While in a convoy in Afghanistan, ten soldiers are suddenly transported back in time around 15000 years to the Paleolithic Era. All they have is two vehicles, their weapons and gear. They must survive, ensure their own security and plan for the future. Meanwhile, other groups have been transported back in time, including a tribe from the Neolithic Era and a contingent of Roman soldiers.
As with most books by Michael Z. Williamson, this one is rather longer than other entries in the genre, almost reaching 700 pages. Much of this length is taken up by detailed descriptions of technological things, for example the construction of a forge or a palisade. For anyone interested in technology, it is a fun read. Williamson’s premise of a very small modern unit being stuck with a lack of resources in a hostile environment ensures our heroes cannot just brute force things with more manpower. They must use their skills as force multipliers. It is also interesting that even with all their modern technology, they are often at a disadvantage compared to more primitive peoples when it comes to hunting, forging and primitive construction. These skills are simply lost.
Style-wise, the prose flows easily, and I found this to be a page-turner. However, the shifting strict point of view between characters could be confusing, and it often took me half a page or so before I realized whose eyes I was “seeing” through. A more explicit introduction to each point of view change, ideally with the character’s name as a title, would have made things more clear.
While the story does have a definite conclusion, there are many loose ends. This seems to be the first of a series, and a look forward to any future installments.
The year is 2035, and the first manned mission to Mars is getting underway.

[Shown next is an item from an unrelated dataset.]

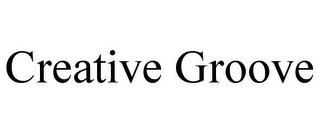 CREATIVE GROOVE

During the long transit, disaster strikes and our heroes must find a way to survive.
While the story itself is engaging in an adventure novel kind of way, the prose is not. Much of the dialogue feels written to explain things to the reader. It makes the characters look clueless about the systems and concepts they should be experts on. It is also rather corny most of the time.
The social sensibilities are very old fashioned. Males taking the lead and feeling protective about women even if those women are highly trained astronauts. The technology doesn’t feel very futuristic either. In a nutshell, the book is set in 2035, but feels like 2015, or maybe 1965.
In the final days of a devastating war, the conscript soldier Scur is captured and tortured for sport by a war criminal. She is left for dead but manages to survive. She is on her way home, in hibernation on a starship, but on awakening discovers that the ship is malfunctioning and in orbit around an unknown planet. It turns out that thousands of years have passed and human civilization has fallen. On the ship, factions of “dregs”, criminals and misfits from the war, must now make peace.
A dark, melancholy tone pervades this novelette. It is soon clear that Scur is writing down for posterity her memoirs of the difficult time that defined her life. While hope remains, indeed must prevail, she knows that she will not see the dreams of her band come to fruition in her lifetime. More interesting is the fact that those who remain are the outcasts and misfits; those that the rest of civilization wanted out of sight. As so often with Mr. Reynolds, the vastness and frightening nature of the Universe makes the reader feel small and frightened. By gradually unfolding the story through the memory of Scur, the scary truth is only slowly revealed, but the fact that it is a scary truth is always hinted at.